Deep Learning predicts Loto Numbers - CREST

Deep Learning predicts Loto Numbers

Sebastien M. Ronan, Academy of Paris

April 1st, 2016

Abstract Google's AI beats a top player at a game of Go. This news arrived on the 27th of January symbolizes a revolution in the machine learning community. Has deep learning any limit? To test those limits, we applied it to what we thought was an impossible problem: the lottery. The goal is to predict the next draw with regard to the past. With respect to existing models, deep learning gave very impressive results. It is able to capture an underlying structure of the problem and the results are very conclusive. We leave you this paper to contemplate the possibilities behind deep learning. Has the loto problem been solved? The answer is yes.

Deep Learning has proven its ability to solve many different problems from handwriting and speech recognition to computer vision. The structure of the algorithms is based on a reproduction of the human brain, which is known to be the most powerful engine. It is able to capture the latent structure in any dataset as a human being could and the results seem somehow magical for someone who is not familiar with this class of algorithms. The main purpose of this paper is to test its limits. After a great success in Go, the next step is simply to test whether deep learning is able to deal with randomness. It looks feasible because God does not play dice, see [Einstein, 1933]. Go is indeed a pure combinatorial problem and it may merely be reduced to a computational and optimization task. Randomness is conceptually more interesting and cannot be reduced to few dimensions: a higher dimensional model is required.

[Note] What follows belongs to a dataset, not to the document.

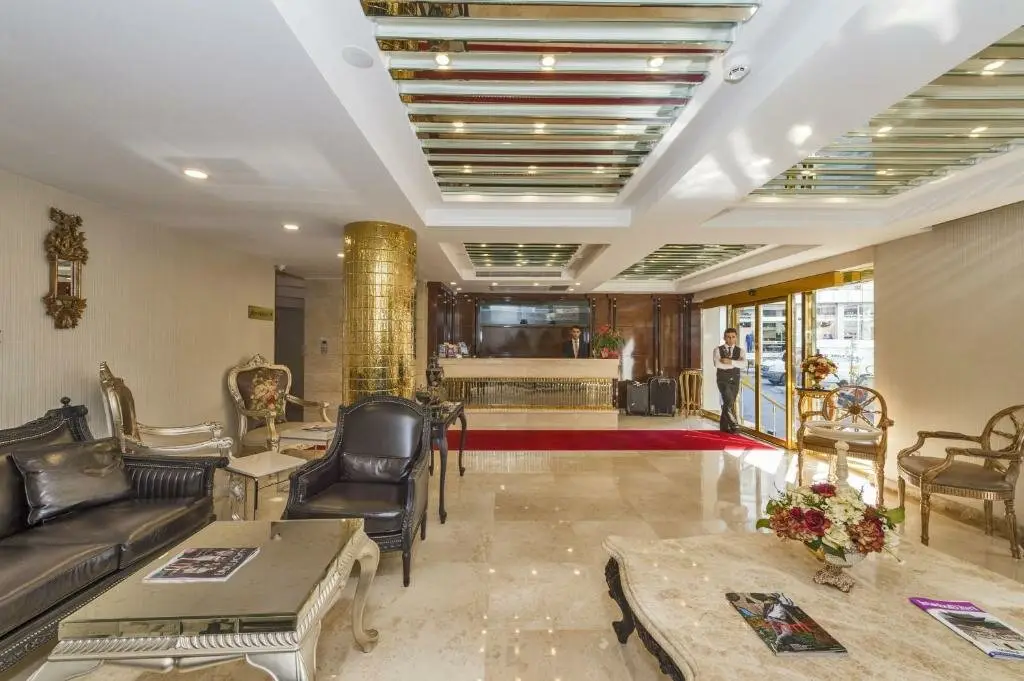 Стамбул: Escardin Hotel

We propose in this article a new model to predict lottery numbers by using the past as training set. The paper is organized as follows: In section 1, we present the problem and general considerations about deep learning. The model is presented in section 2 and the results are in section 3. The remarkable performances call for a discussion which is in section 4. We conclude by describing our future works.

1 Background

1.1 Lottery

Loto is a famous and widespread game involving randomness. The first lotteries are not clearly established but it is mentioned in [Holy Bible, 50] and the Han dynasty used it to finance the construction of the Great Wall of China. The lottery principle is very easy: people buy a ticket which corresponds to a combination bet over a general set of numbers. A draw is eventually done at a fixed date and time. The gains are related to how the combination matches the draw and the jackpot is won if the combination is correct.

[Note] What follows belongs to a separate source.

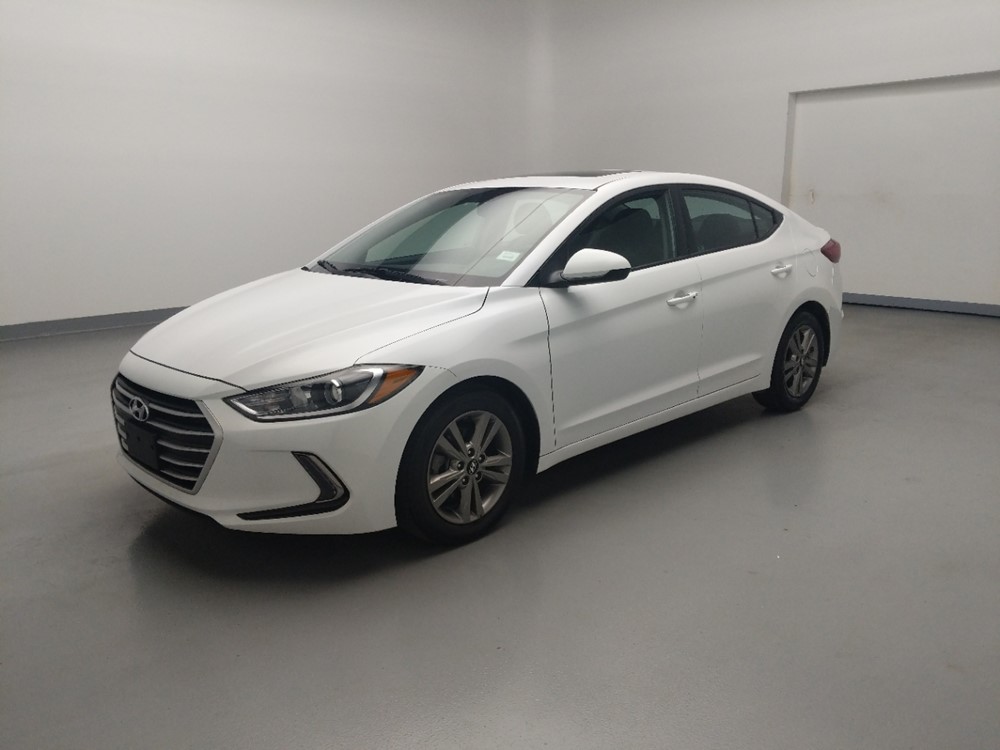 Used 2017 Hyundai Elantra Driver Front Bumper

contact: sebastien.m.ronan@

1

In this study, we focus on the Mega Millions Lottery, which is the biggest loto in the world. It started as the Big Game and was renamed in 2003. In our study, we used the data from after the change. 5 balls are drawn between 1 to 75 without replacement and a last ball (the Mega Ball) is drawn between 1 to 15.

The mathematical study of lottery is as old as mathematics. The first attempts concerned the calculations of the odds. It is crucial in order to design the lottery. Even Leonard Euler worked on that subject and these studies led to the Theory of Probability done by Kolmogorov [Kolmogorov, 1933]. Few works try to solve the much more difficult problem which of predicting the draws. A recent paper [Claus et al., 2011] investigates the behavior of the players by an economic perspective and gives interesting insights to a better play. However, it would be more useful to get the true numbers. Some esoteric authors tried various methods such as alchemy or hypnosis but the results are, by definition, erratic because they are not based on scientific methods. Those controversial methods are often used by economic forecasters to predict GDP.

1.2 Deep Learning

Deep learning is a particular field in Machine Learning that is driven by an abstract representation of reality. The structure is close to those of the famous neural networks: the idea is to mimic the human brain, which is known to be very efficient in learning. A large number of layers with nonlinear processes between them are used: the deeper the network is, the more complex structures it can capture. The first machine learning algorithms appeared in the 1950s and their development is clearly related to computational-power improvements.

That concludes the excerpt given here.